* **RECORDS FOR THIS EXERCISE**
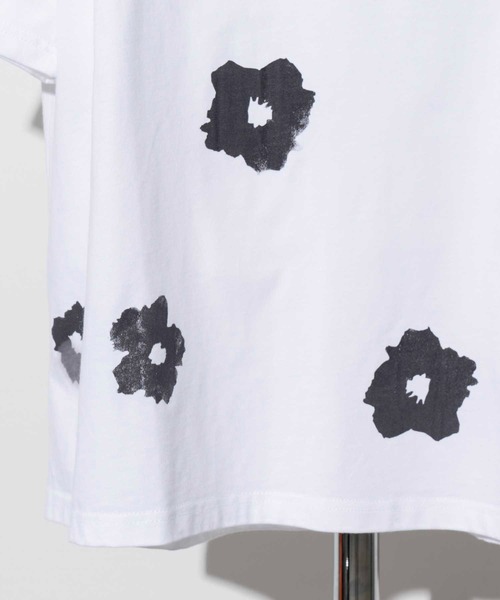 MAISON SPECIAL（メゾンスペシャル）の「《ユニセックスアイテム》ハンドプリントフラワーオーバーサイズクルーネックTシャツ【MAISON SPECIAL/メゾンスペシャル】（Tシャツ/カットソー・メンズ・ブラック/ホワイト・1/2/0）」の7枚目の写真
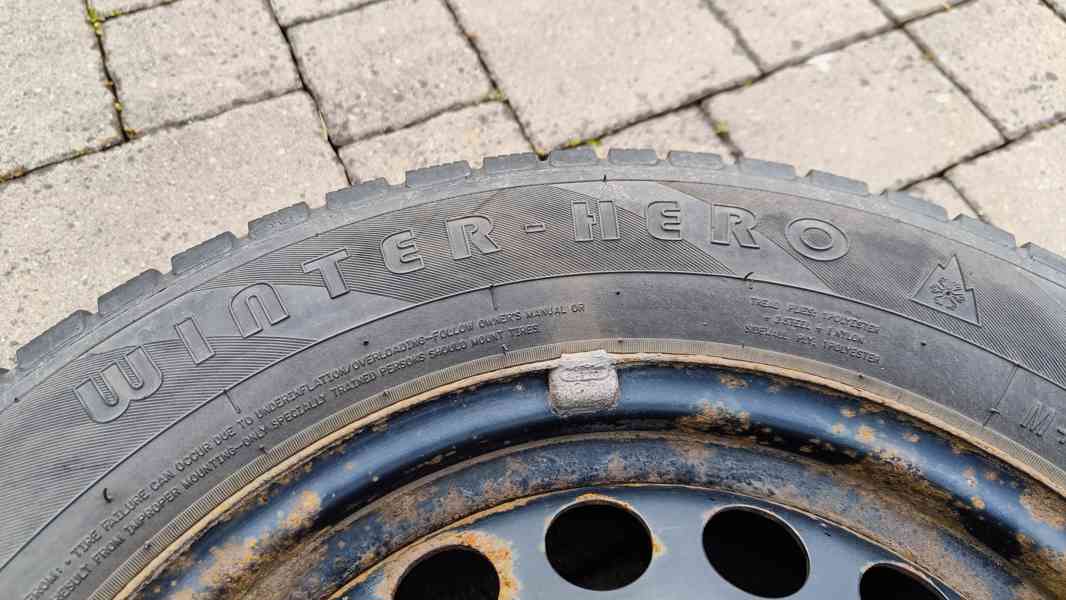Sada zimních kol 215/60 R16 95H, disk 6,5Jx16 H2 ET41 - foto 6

* * *

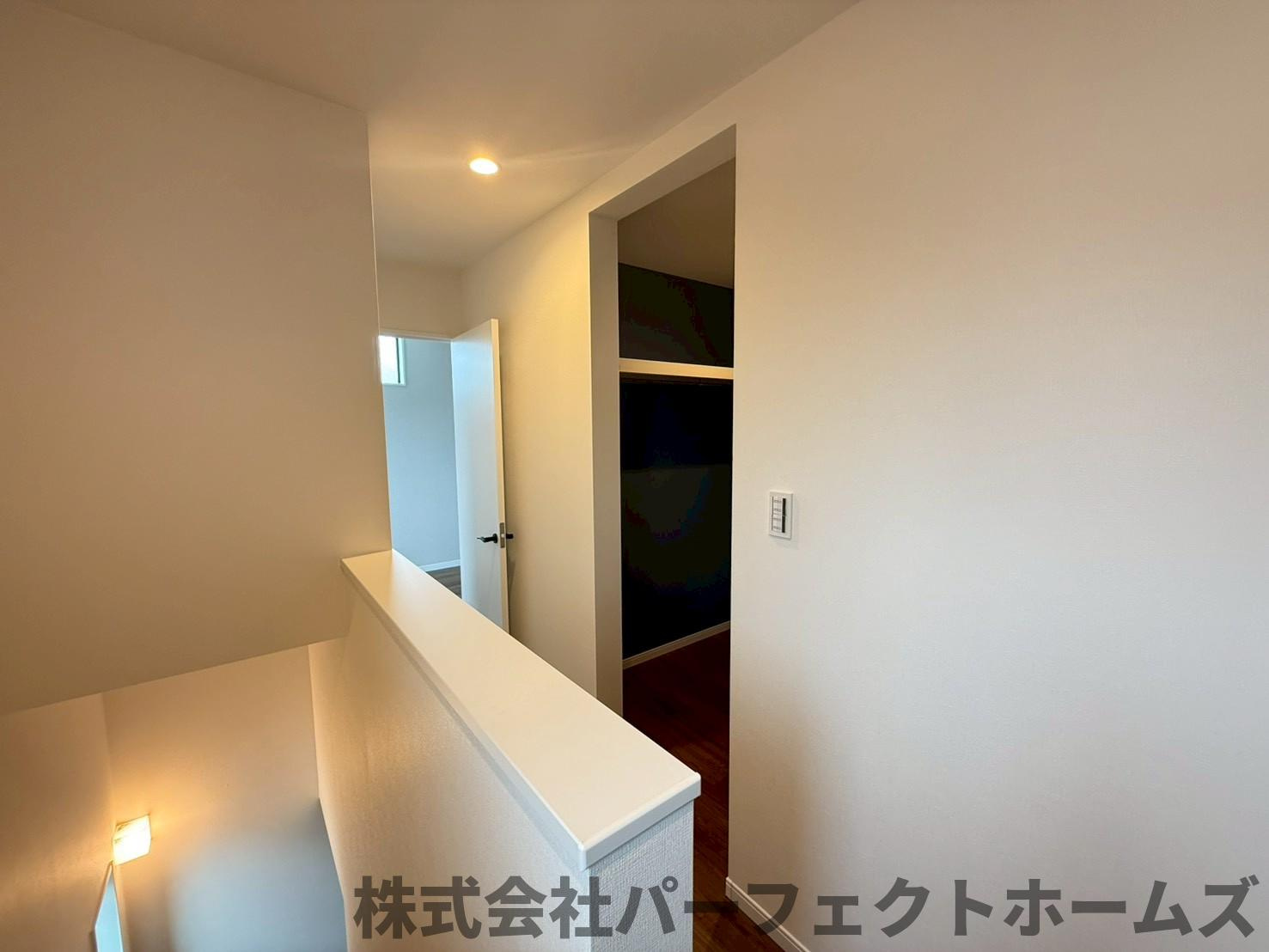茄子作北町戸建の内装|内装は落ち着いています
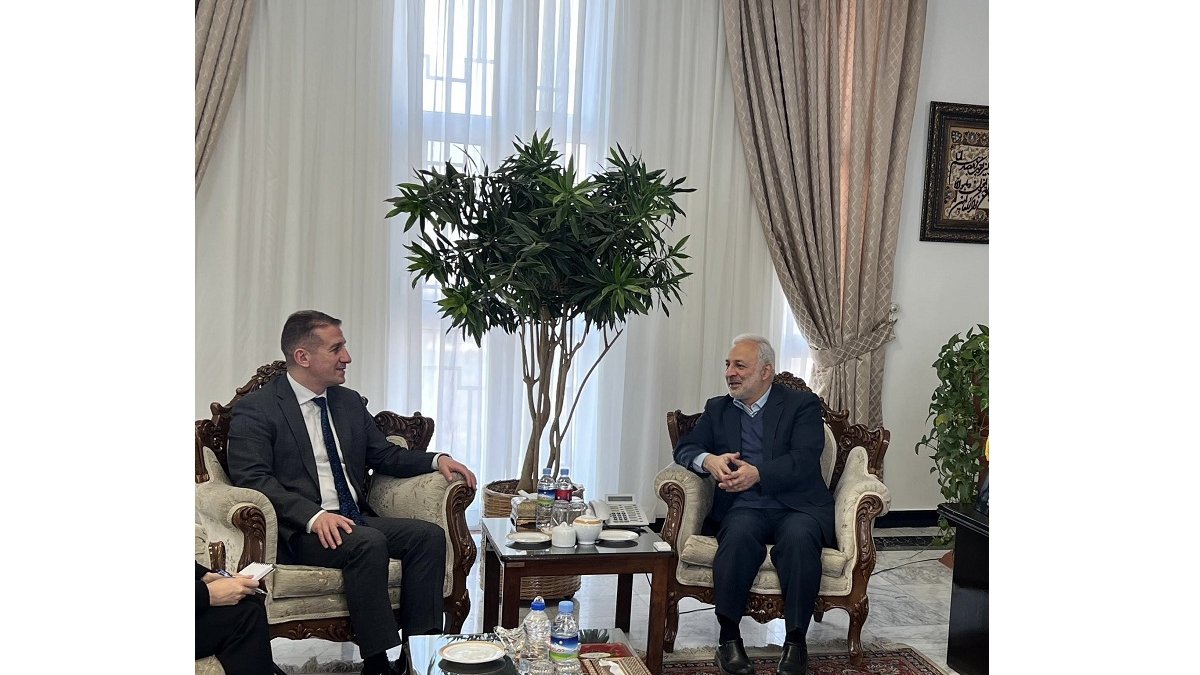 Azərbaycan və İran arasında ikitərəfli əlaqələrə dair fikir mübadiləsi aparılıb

* **EXERCISE DIRECTIONS**
Each line above starting at the one holding "茄子作北町戸建の内装|内装は落ち着いています" and ending at the one holding "Azərbaycan və İran" should be set down exactly as it stands, both ends included, with no pictures.

* **ANSWER AREA**
茄子作北町戸建の内装|内装は落ち着いています
 Azərbaycan və İran arasında ikitərəfli əlaqələrə dair fikir mübadiləsi aparılıb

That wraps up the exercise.